# Un-Cringing An is_even() Function in Python Johnny B. Getgoode tweeted this screenshot of if-else statements.

Johnny B. Getgoode tweeted a screenshot from his developer Discourse server on February 13, 2022. Experienced programmers cringed at the repeating lines of if else to determine if a number is even or odd. That prompted a lively discussion on how to “un-cringe” this function.

Here are four ways to refactor the function for readability and speed in Python: match and case, recursive inner function, modulo operator, and bitwise operator.

## Original Function in Python

I rewrote the function in Python using elif as else if would cause a syntax error. For the sake of brevity, I limited the defined numbers to ten. Even numbers return True, odd numbers return False. For undefined numbers, the catch-all else returns False.

Although I’m using Python as my programming language, the refactoring examples can apply to any programming language.

## 1. Match & Case

We can refactor the function to use match and case as a replacement for elif. Python had lacked the traditional switch and case statements found in other programming languages for a great many years.
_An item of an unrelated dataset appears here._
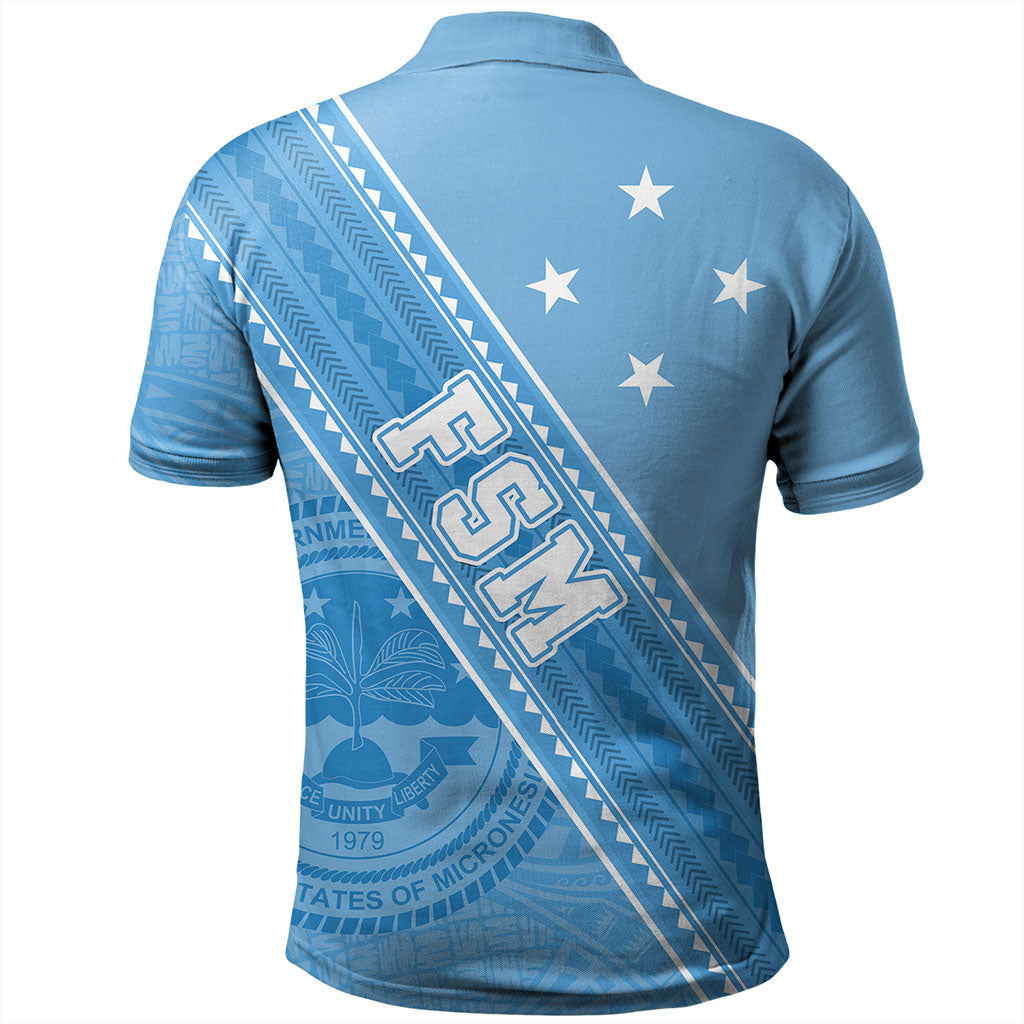 Federated States Of Micronesia Polo Shirt Flag And Coat Of Arms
That changed with structural pattern matching in Python 3.10, adding match and case as the functional equivalent of switch and case.
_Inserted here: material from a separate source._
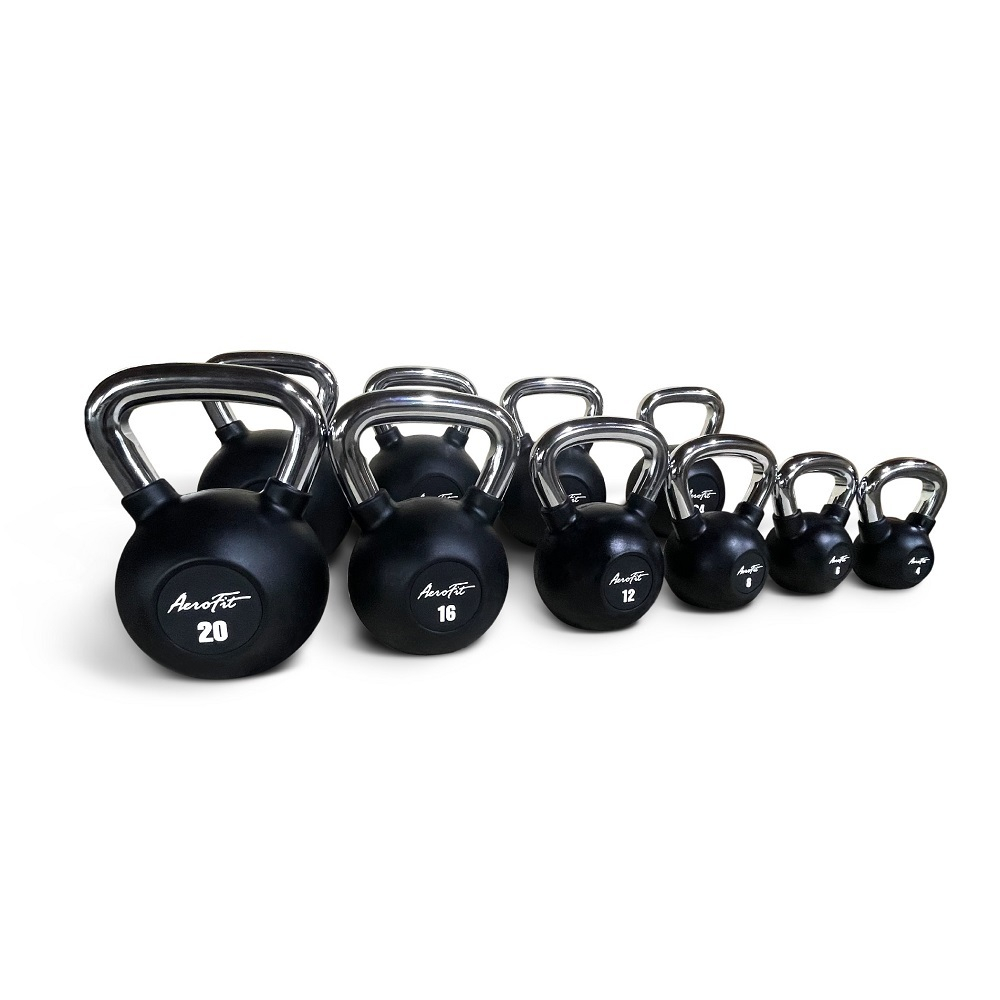 AeroFit AFBK32 гиря 32 кг обрезиненная с хромированной рукояткой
Using match and case makes the function more readable and faster than elif. Each number must be defined, and the catch-all case (“_”) return False for undefined numbers.
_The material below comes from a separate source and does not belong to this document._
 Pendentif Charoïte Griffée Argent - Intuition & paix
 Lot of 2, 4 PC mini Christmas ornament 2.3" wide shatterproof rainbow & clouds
## 2. Recursive Inner Function

We can refactor the function to use a recursive inner function that calls itself to subtract 2 from the starting number until the number is less than 2, and then use % (modulo operator) with 2 and compare the remainder with zero to return a Boolean. Even numbers are divisible by 2 and don’t have a remainder.

Unlike elif or match and case, the recursive inner function can test any number without having to define it first. While shorter than the previous two functions, this function can be refactored as a one liner (see line 4).

## 3. Modulo Operator

We can refactor the function to use % (modulo operator) with 2 and compare the remainder with zero to return a Boolean. Even numbers are divisible by 2 and don’t have a remainder.

Most programmers would stop here. The modulo operator is commonly used for determining even or odd numbers. But it’s not the fastest one liner.

## 4. Bitwise Operator

We can refactor the function to use & (bitwise operator) to compare the Least Significant Bit (LSB) of a number with the number 1 (0b00000001). Even numbers have 0 for the LSB (i.e., 2 = 0b00000010), odd numbers have 1 for the LSB (i.e., 3 = 0b00000011). The not operator is needed to return True for an even number and False for an odd number.

Since the bitwise operator is a binary comparison, it’s the fastest one liner for refactoring the original function.